My adjournment matter this evening is for the Minister for Health, and the action I seek is for him to obtain a blanket exemption from planning controls over state-owned land that is operated by small rural cemetery trusts. I cannot convey enough how absurd the situation I am about to share with you is.

Over the past few months I have been contacted by members of two cemetery trusts who were being forced to jump through several bureaucratic hoops just to be able to bury the dead.

The first was at Nirranda, where the cemetery trust is trying to open new plots, but when they sought planning approval from the Moyne Shire Council, as required, they were told they would need a native vegetation assessment because work they were planning may be in breach of the Planning and Environment Act 1987 and the Flora and Fauna Guarantee Act 1988.

I then had a call from the Macarthur Cemetery Trust, which plans to build a columbarium. In order to do this they need to build a small shed to handle the cremains in a respectful and dignified way.

They do not feel it is appropriate or respectful to the deceased and their families to be doing this in the same shed where they keep the lawnmower and the whipper-snipper. They applied for a grant to build a shed which is smaller than a single garage. They were successful and went to the council as they are required to do.

They were told the same as Nirranda: they could be in breach of the flora and fauna act and would need a costly ecological assessment and possibly further approvals from the Department of Environment, Land, Water and Planning.

This is not the fault of the Moyne shire. They cannot provide an exemption to cemetery trusts from requiring planning permits or native vegetation assessments. This is where it begins to get ridiculous. They can dig up earth to bury the dead but seemingly cannot build a small shed on top of the earth because native grass may be there.

I just want to make it very clear: we are talking about cemeteries here, where earth is regularly excavated.
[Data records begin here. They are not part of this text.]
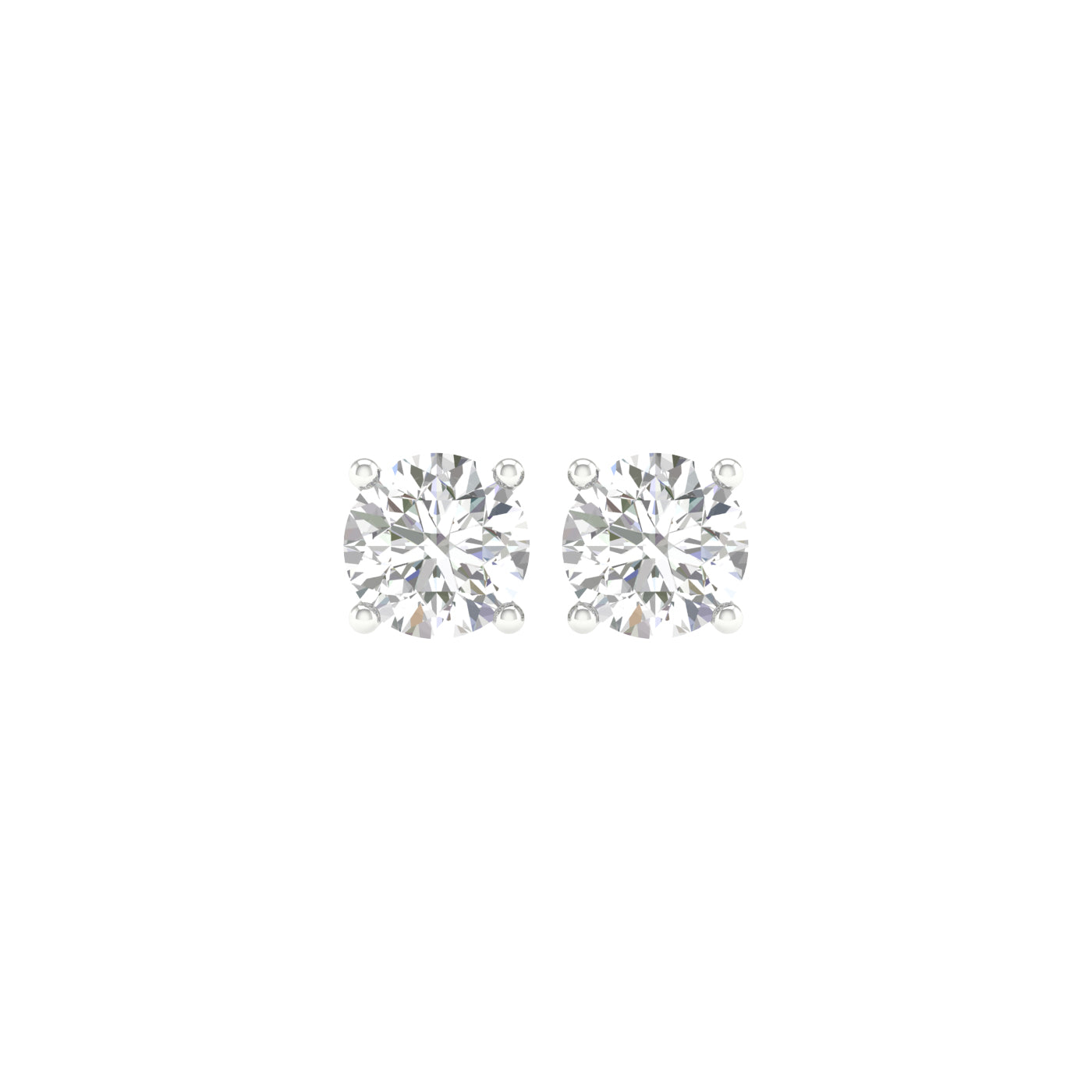 1 ¼ Carat Round Lab Grown Diamond 14K Gold Solitaire Stud Earrings
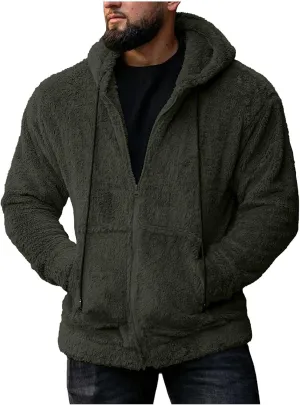 Ymosrh Men's Hoodies Double-Sided Plush Cardigan Zipper Hat Thermal Jacket Solid Coat Hoodies, M-2XL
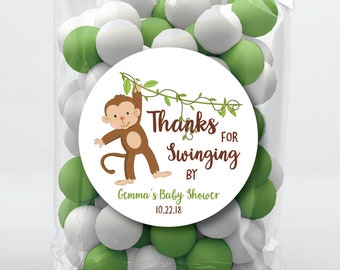 Monkey Baby Shower Favor Stickers & Bags, Thanks For Swinging By Baby Shower Favor Bags, Baby Shower Stickers, Treat Bags, Clear Candy Bags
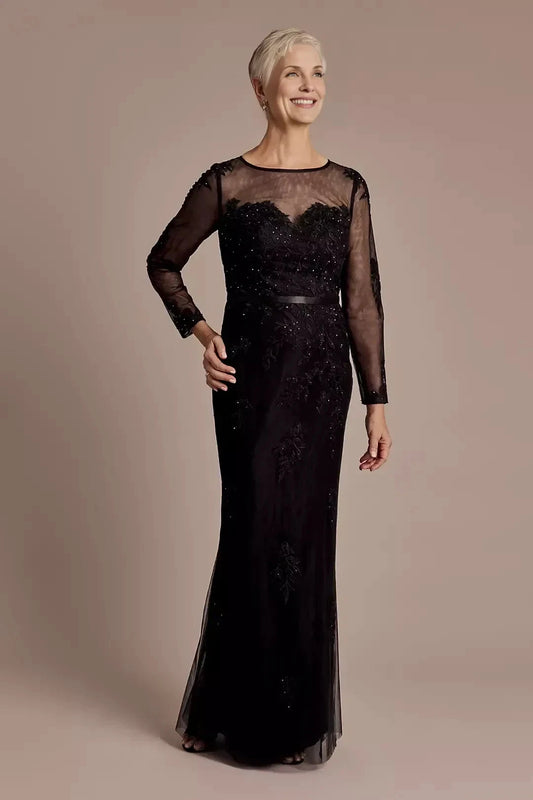 Refined Mermaid Crew Neck Long Sleeve Lace Back Floor Length Mother of the Bride Dress by YiHuiw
But it seems that according to the department building a small garden shed or removing a couple of trees to make more room for more burial plots is a cardinal sin and may well be the thing that brings down the ecosystem.

These are small, volunteer organisations made up of mums and dads who give up their time for the good of the community, but they are being asked to deal with complicated planning matters when they are simply trying to make sure the deceased members of their community have a final resting place and their families have a place to come and pay their respects. Minister, this just makes no sense at all.

For the sake of these volunteers in small country communities like Macarthur and Nirranda, please make these changes so they can continue to provide these important services to the community without having to jump through thousands of hoops.